IFR Diary, Day 17: Saturday, Sept 18
Ed Williams and I meet at about nine o'clock. He began the oral by
asking one or two simple warm-up questions, then one or two slightly
more penetrating questions. We went over some chart symbols and
navigation questions. (I'm sorry to say that I don't remember
them.) After a half-hour or so, he asks me if I have any questions
about the questions in the ORAL.ZIP file. As a matter of fact, one
section of the file requires an Idaho IFR enroute chart that I don't
own, so he lent me his chart to answer the questions. This worked
out nicely. We then discussed questions whose answers I had been
unable to find (for example, "what's the Lifted Index and where is
it found?") and some other questions I wanted to discuss.
As I might have predicted, we spent too much time on the oral phase
and we were late getting into the air. Ed had told me to file for
the NDB at Stockton, the VOR-A at Tracy, and the ILS at Livermore. I
had done all of these approaches many times before.

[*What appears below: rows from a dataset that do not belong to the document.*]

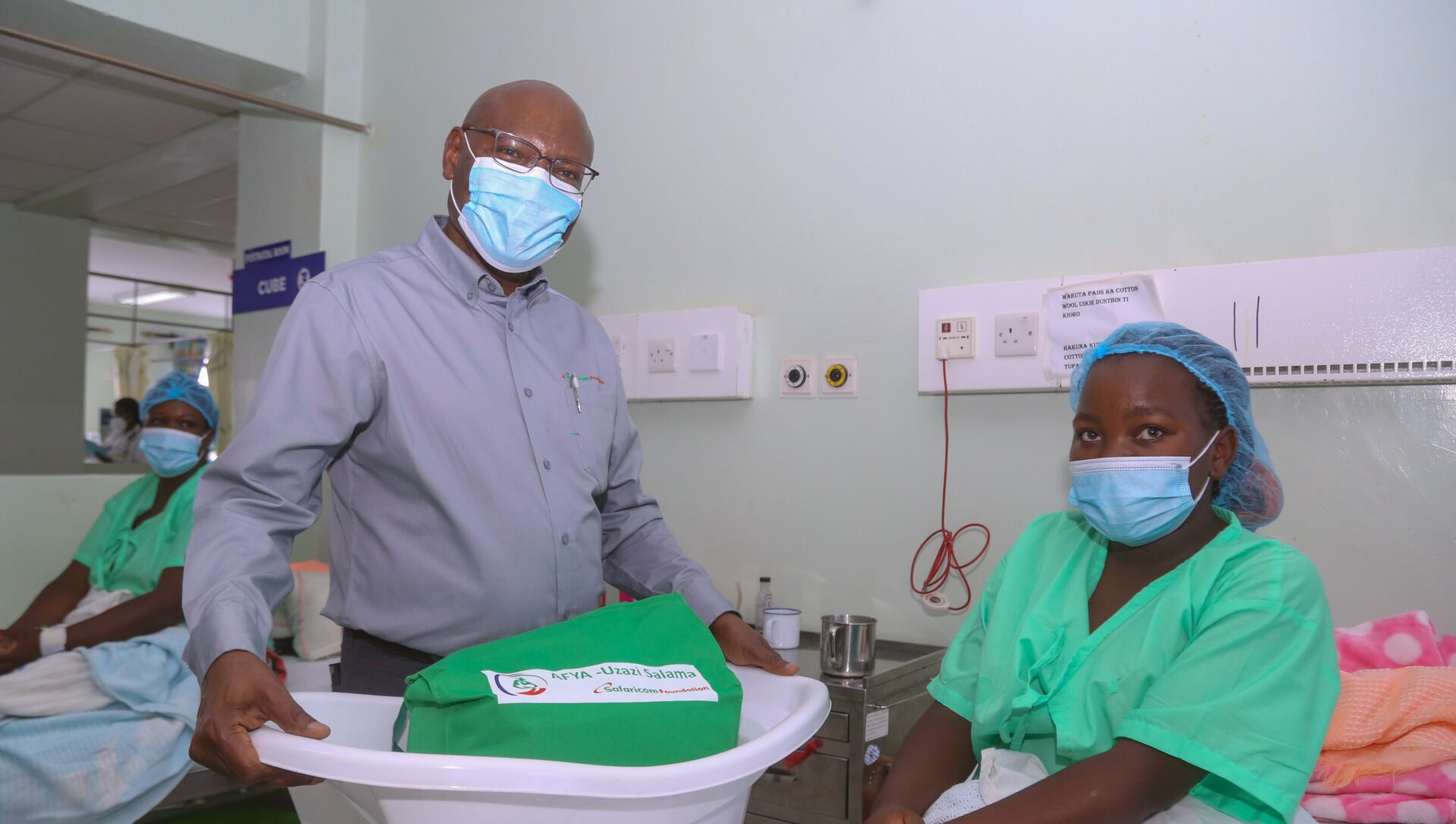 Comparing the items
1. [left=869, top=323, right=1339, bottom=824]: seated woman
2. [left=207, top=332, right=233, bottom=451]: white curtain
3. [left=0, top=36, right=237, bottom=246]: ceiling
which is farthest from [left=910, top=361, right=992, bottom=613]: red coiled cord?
[left=207, top=332, right=233, bottom=451]: white curtain

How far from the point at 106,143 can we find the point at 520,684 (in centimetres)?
569

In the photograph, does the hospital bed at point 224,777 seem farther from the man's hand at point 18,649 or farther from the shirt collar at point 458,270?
the shirt collar at point 458,270

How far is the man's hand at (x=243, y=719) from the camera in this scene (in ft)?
2.88

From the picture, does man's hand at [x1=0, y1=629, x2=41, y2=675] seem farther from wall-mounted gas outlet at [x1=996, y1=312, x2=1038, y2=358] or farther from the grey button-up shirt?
wall-mounted gas outlet at [x1=996, y1=312, x2=1038, y2=358]

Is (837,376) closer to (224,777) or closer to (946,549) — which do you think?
(946,549)

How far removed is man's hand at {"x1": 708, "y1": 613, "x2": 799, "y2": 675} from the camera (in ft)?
4.31

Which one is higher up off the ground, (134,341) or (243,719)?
(134,341)

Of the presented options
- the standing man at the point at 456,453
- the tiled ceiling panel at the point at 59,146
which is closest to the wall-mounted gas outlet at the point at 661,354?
the standing man at the point at 456,453

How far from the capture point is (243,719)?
92cm

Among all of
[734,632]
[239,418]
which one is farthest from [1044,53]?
[239,418]

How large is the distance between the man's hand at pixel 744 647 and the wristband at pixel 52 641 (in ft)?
7.34

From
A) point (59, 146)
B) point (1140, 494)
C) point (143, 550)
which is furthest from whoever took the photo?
point (59, 146)

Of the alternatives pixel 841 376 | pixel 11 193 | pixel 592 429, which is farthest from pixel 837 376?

Since Ed was not a stranger (we'd exchanged e-mail and spoken on the
phone), I was surprised to find that I was quite nervous. In
retrospect I should have expected being anxious--performing for
one's peers brings a special kind of pressure. As it turned out, I
benefited most from this aspect of the stage check.
Almost immediately after we launch, Ed started scribbling. As soon
as we were handed from Bay to Stockton, I explained to the
controller which approaches we wanted and the order we wanted them.

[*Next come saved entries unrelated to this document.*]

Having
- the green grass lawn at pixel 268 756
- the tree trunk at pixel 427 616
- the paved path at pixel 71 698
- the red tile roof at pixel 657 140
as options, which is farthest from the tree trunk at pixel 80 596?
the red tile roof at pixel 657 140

Between Stockton sector hand-offs I sneaked a listen to Stockton's
ATIS. Afterward, I forgot to check in with the new controller, so
Ed reminded me and I sheepishly checked in. Embarrassing, that.

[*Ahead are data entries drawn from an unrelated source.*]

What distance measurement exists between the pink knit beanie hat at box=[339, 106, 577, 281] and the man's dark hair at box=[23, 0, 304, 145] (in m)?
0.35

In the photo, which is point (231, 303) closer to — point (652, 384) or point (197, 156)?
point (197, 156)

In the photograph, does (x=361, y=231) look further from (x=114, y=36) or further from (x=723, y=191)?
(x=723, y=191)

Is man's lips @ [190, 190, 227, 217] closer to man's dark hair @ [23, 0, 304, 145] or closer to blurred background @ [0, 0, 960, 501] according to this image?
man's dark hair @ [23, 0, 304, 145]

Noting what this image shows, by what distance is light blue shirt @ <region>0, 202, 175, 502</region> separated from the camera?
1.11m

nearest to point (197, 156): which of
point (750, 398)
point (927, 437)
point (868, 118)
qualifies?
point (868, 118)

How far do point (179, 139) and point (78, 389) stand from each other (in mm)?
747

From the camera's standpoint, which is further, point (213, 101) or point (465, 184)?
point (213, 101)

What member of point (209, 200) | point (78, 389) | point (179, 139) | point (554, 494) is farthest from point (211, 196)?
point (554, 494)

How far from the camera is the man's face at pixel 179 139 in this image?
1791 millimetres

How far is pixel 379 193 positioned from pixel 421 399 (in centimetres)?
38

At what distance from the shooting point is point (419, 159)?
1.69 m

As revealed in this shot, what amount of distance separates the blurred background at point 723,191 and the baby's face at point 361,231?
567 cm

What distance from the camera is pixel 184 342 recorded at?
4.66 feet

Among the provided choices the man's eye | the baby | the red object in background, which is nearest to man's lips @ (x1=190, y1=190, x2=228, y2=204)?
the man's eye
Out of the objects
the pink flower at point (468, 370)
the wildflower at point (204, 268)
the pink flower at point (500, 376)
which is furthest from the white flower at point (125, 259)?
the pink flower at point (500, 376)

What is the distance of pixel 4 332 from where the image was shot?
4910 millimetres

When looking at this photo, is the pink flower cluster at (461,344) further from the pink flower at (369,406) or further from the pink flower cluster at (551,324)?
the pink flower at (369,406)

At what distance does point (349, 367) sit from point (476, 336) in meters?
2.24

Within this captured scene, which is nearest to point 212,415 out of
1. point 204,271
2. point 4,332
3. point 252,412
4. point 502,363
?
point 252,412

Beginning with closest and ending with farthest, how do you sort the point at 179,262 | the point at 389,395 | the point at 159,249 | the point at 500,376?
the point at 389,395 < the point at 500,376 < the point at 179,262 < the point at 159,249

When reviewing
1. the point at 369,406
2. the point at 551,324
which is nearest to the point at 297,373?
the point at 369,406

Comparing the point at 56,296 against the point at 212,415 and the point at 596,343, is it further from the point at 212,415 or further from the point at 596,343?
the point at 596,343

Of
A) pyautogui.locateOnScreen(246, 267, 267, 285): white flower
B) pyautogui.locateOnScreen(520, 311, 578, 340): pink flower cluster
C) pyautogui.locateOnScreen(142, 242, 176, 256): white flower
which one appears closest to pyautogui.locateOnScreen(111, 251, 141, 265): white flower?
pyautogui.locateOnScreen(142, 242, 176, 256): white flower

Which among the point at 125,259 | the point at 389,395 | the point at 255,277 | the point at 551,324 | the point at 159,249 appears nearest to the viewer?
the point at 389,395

Downwind for the NDB, Ed asked me where we were at the moment. As
you recall from previous entries in this diary, I have not expended
much brain power on positional awareness. Although I was not
accustomed to answering such questions, I was watching the ADF
needle and had a mental picture of flying eastward with the airport
behind me and to my left. Yet I gave a stupidly wrong answer. Oh,
The NDB approach went off without a hitch except the DG had drifted
two or three degrees since I last synchronized it with the compass.
We flew an assigned missed approach which lead us toward the Manteca
VOR, the initial approach fix for the next approach at Tracy.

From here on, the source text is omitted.